Читать книгу Awakers. Пробудители. Том 2 - Катерина Томина - Страница 2
Интро. Мыльные пузыри
Оглавление– Я был бы никудышным кумиром молодёжи.
– Почему? Чего тебе не хватает?
– Героиновой зависимости. Преждевременной смерти. Хотя, может, и то и другое ещё впереди.
Джастин Хэйворд-Янг, The Vaccines
Такая рыжая, что глаза слепит. Рыжая и солнечная. Кожа будто светится, а на ладонях мозоли.
– Тати, – представляется она, протягивая руку.
– Давно на барабанах играешь? – деловито спрашивает Ральф Доэрти, басист и основатель группы. Он хоть и главный, и старший из ребят, они всё равно зовут его Дороти.
Ральф не понимает, что «давно» – не главное; главное, что много.
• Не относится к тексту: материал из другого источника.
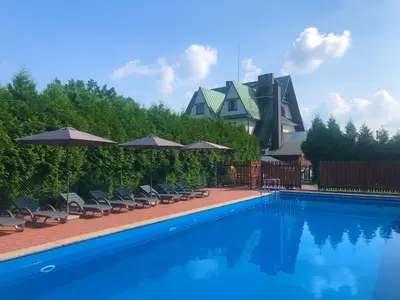 a group of people standing around a swimming pool at Ośrodek Sportowo-Rekreacyjny Słoneczny in Mszana Dolna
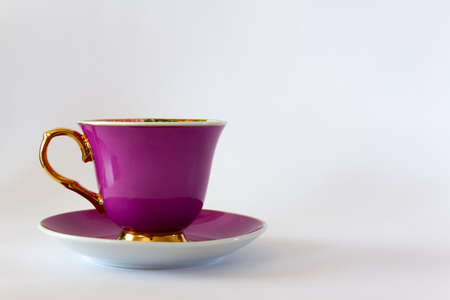 Pink tea or coffee cup with gold trim on white background. Selective focus. Copy space.の写真素材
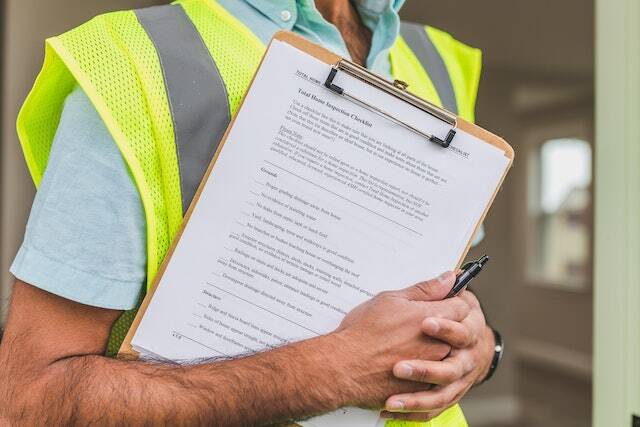 person in yellow reflective vest holding click-board with home inspection checklist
– Мне тоже нравится, когда девчонки на ударных, у них там всё это… ходуном ходит, – шепчет маленький лохматый Майк Эллиот, усердно сжимая гитару, и полагает, что он достаточно невидимый, чтобы быть неслышимым. Краснеет от собственных слов, а солист пихает его плечо и торжественно объявляет хорошо поставленным голосом:
– Принята!
Такой чистенький, будто с плаката слез. Бьёт кулаком в грудь, называя своё имя:
– Трой Гордон!
Напыщенный до смешного. Смазливый. Пьёт шампанское из одноразового фужера, оттопырив мизинец. Осколки второй бутылки валяются на полу в липкой лужице. Традиция такая: бить бутылки в честь больших событий.
– Вытирать кто будет? – возмущается Майк, прихлёбывая пиво из банки.
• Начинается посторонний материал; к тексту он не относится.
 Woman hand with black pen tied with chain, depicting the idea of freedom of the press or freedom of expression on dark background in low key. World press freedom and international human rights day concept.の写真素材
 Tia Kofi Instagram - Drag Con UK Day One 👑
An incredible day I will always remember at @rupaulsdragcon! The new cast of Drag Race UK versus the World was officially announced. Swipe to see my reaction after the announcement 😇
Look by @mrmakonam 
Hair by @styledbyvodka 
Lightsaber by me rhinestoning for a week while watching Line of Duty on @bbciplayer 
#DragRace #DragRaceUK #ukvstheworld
– Пф-ф! – Трой топчется на месте, стекляшки хрустят под подошвами безупречно начищенных ботинок. – Мы же рокеры, бунтари! Наше дело – наводить беспорядки, а не устранять!
Дымок приторным облачком тянется к потолку, он стряхивает пепел на пол, подмигивает в её сторону:
– Точняк, Солнышко?
На учёбу – строгая форма, а на репетиции – сердитая футболка и кепка, как у Гавроша.
– Тебе не идёт петь «Нирвану», – заявляет она. – Это ничего, мало у кого получается.
– Потому что мне не нравится, – огрызается Трой.
Зато нравится, как она носит майку с Кобэйном, непринуждённо, без фанатизма. А Трой не упускает случая:
– Опять у тебя этот пижон на груди, – тычет пальцем до тех пор, пока не получит по руке.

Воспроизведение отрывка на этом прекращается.